John Hill, administrator of the Federal Motor Carrier Safety Administration, announced a two-year extension of the program today. The DOT originally set the program to conclude on Sept. 6.
Hill said a number of companies were unwilling to participate in the program because of the uncertainties swirling around the project’s longevity.
The uncertainty can be tied to widespread opposition from a number of groups including everyone from Congress down to highway user groups such as the Owner-Operator Independent Drivers Association.
The program has continued for 11 months despite an ongoing court challenge by OOIDA; a funding cut passed by Congress and signed into law; and numerous other votes in favor of shutting the program down.
Despite all of this, the DOT forged ahead with the program – which includes only 27 Mexican motor carriers with 107 trucks participating, far below the DOT’s anticipated 100 carriers.
Now, with what was supposed to be just a little more than a month of life left in the program, it has sustained yet another blow. The most recent hit was the passage of a bill in the House Transportation and Infrastructure Committee this past week.
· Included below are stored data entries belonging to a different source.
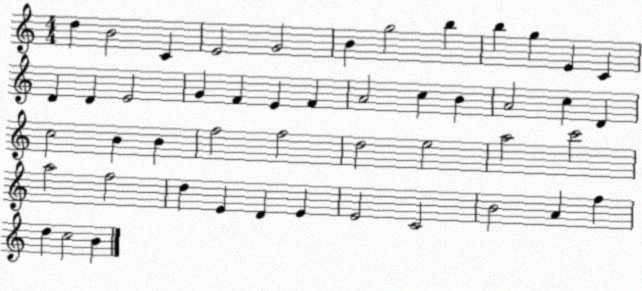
X:1
T:Untitled
M:4/4
L:1/4
K:C
d B2 C E2 G2 B g2 b b g E C D D E2 G F E F A2 c B A2 c D c2 B B f2 f2 d2 e2 a2 c'2 a2 f2 d E D E E2 C2 B2 A f d c2 B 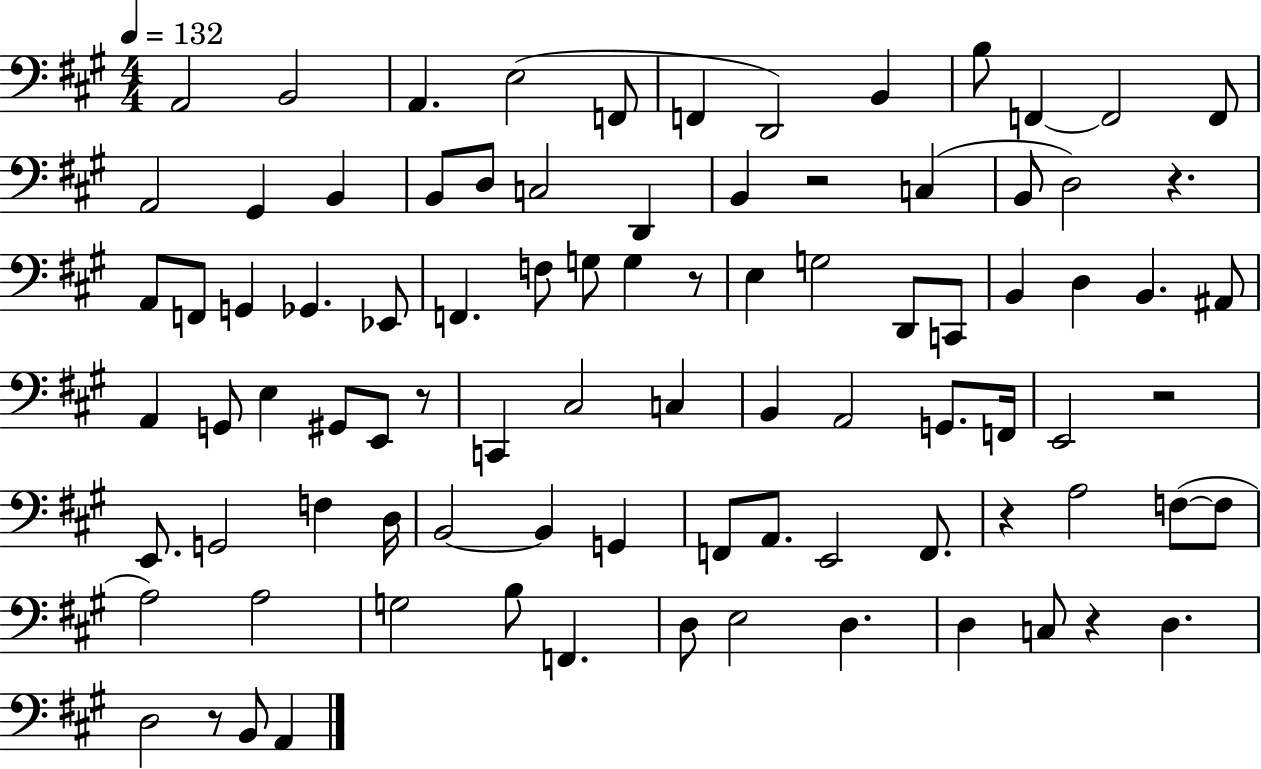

The bill not only seeks to mandate the end of the program on its one-year anniversary – Sept. 6 – but also goes much further. The bipartisan effort would also restrict any more authority to operate beyond the border zones from being doled out to Mexican motor carriers without prior approval from Congress.
Members of the Transportation and Infrastructure Committee approved the bill unanimously on a voice vote this past week.
The sponsors of the legislation – Rep. Peter DeFazio, D-OR; along with co-sponsors Rep. James Oberstar, D-MN; Rep. John Mica, R-FL; and Rep. John J. Duncan Jr., R-TN – introduced the bill and fast-tracked it through committee to have it ready for a full House vote after the August recess.
The fact that the announcement of program’s extension happened just after Congress recessed for August was not lost on Oberstar.
The Chair of the T&I Committee quickly issued a statement Monday, Aug. 4, taking the DOT to task.
“Just days after the Committee on Transportation and Infrastructure has approved a bipartisan bill to hold DOT to its original plan and terminate this pilot program after one year, the Federal Motor Carrier Safety Administration announces its intent to extend this program for two more years,” Oberstar said in a written statement. “It also made the announcement on the first day of the congressional recess. That is certainly no coincidence.”
The timing of FMCSA’s announcement did little to dampen Oberstar’s determination to move the bill through the House quickly.
“When Congress reconvenes in September, I intend to move our bill as quickly as possible, and make certain that the voice of Congress is heard loud and clear at the Department of Transportation, and that this program is finally shut down,” he said in his written statement.
The current legislative effort isn’t the only thing that could shut down the cross-border program. A decision on a pair of lawsuits filed with the U.S. Court of Appeals for the 9th Circuit in San Francisco could also mean an end for the program.
OOIDA’s legal team filed one of the lawsuits on Sept. 7, 2007 – literally the day after the cross-border program started. The case was argued Feb. 12 before a three-judge panel.
To read more on OOIDA’s court challenge, click here and here.
Various media outlets have speculated for months that a decision could be handed down by the 9th Circuit “any day” now.